Come portare concretamente le domande della scienza postnormale nella valutazione del rischio è questione aperta e lo sarà per molto tempo. Nel prossimo futuro valutazioni che comportano importanti scelte valoriali, quali ad es. la possibilità di rischi per la generazione futura ma non per quella presente, potranno vedere ampie discussioni che coinvolgono i valutatori e i gestori del rischio, nonché il pubblico e le sue articolazioni: senza pensare alla caricatura grottesca dell’antivaccinismo, è verosimile che gli attori del processo abbiano posizioni diversificate sia fra loro sia al loro interno. Populismo scientifico con rischi per qualità ed efficienza? Diluizione delle responsabilità e quindi della trasparenza? Forse, ma proprio per questo occorre conoscere i processi che attengono alla scienza postnormale e saperli fronteggiare e governare, perché riguardano tutti i livelli, dalla UE ad una ASL,
- Cambiamenti climatici, economia circolare, consumo delle risorse: la produzione di alimenti, e in particolare di alimenti di origine animale, è sostenibile? Occorre innovare le filiere produttive per continuare a produrre cibo per una popolazione in crescita e con maggiori esigenze (l’Africa è un mercato globale di 900 milioni di consumatori) essendo consapevoli dei limiti dello sviluppo.
E non finisce qui.
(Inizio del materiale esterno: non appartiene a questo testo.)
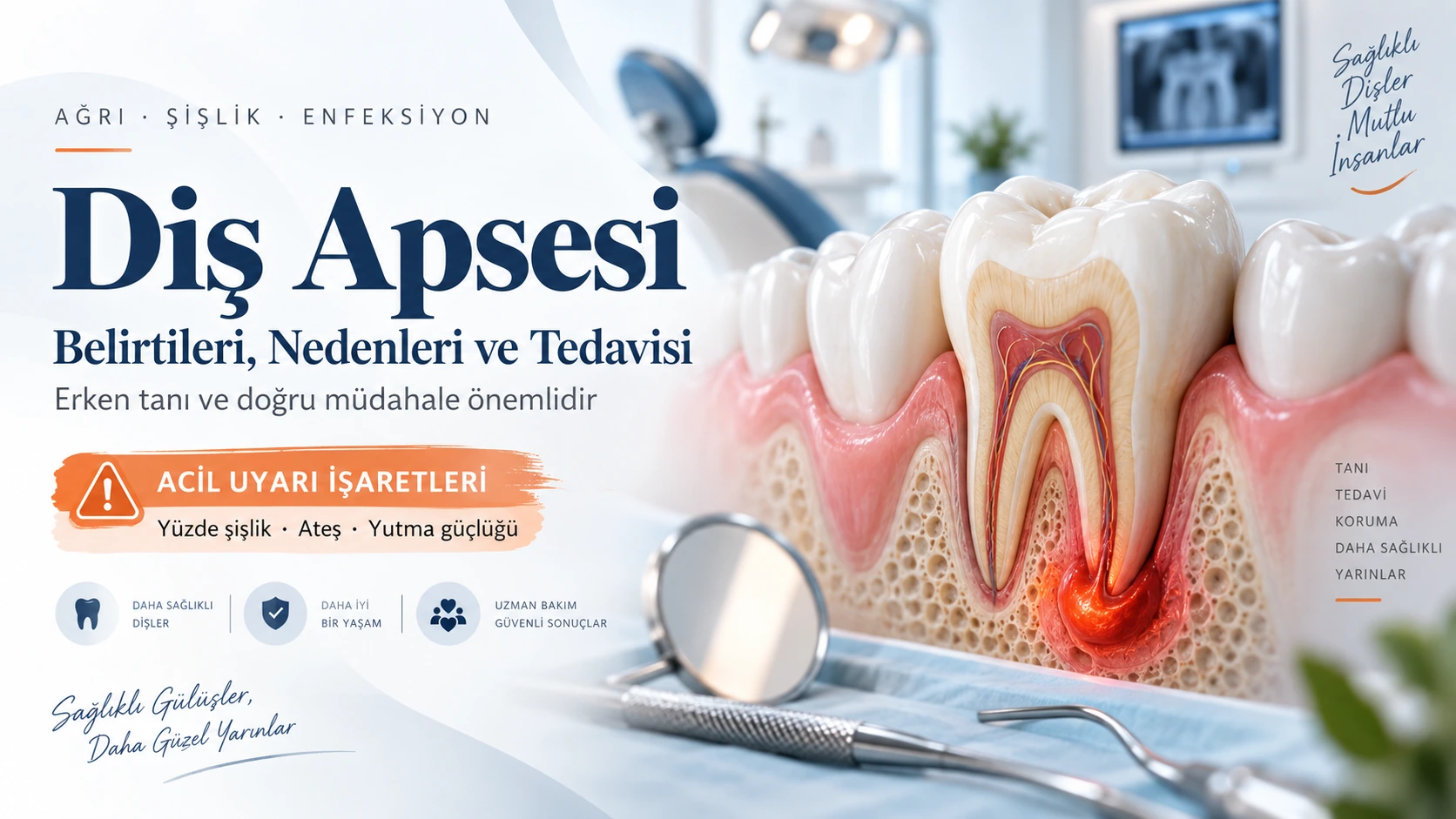 Diş Apsesi: Belirtileri, Nasıl Geçer ve Ne Zaman Acildir?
La sostenibilità delle produzioni agroalimentari, insieme a gravi questioni come l’antibiotico-resistenza, impongono che la “one Health” diventi uno strumento operativo e non solo una dichiarazione di intenti, e che vada molto oltre la collaborazione medico-veterinaria ma si allarghi ai tanti aspetti dell’ecosistema antropizzato.
La grande questione è quindi se l’attuale sicurezza alimentare (in termini sia di garanzia della disponibilità di alimenti – food security – e tutela della loro salubrità – food safety) non sia una battaglia di retroguardia che in realtà danneggia il pianeta. Io credo di no, ma è ineludibile affrontare il problema con strumenti scientifici nel prossimo decennio.
Posso quindi ipotizzare che il lascito della mia generazione siano l’integrazione attiva nel sistema Europeo e la scienza della valutazione del rischio. E che tra le parole d’ordine per la fase che nasce vi siano sia la “contaminazione” del processo scientifico con scelte valoriali che la sostenibilità globale della produzione di alimenti di origine animale.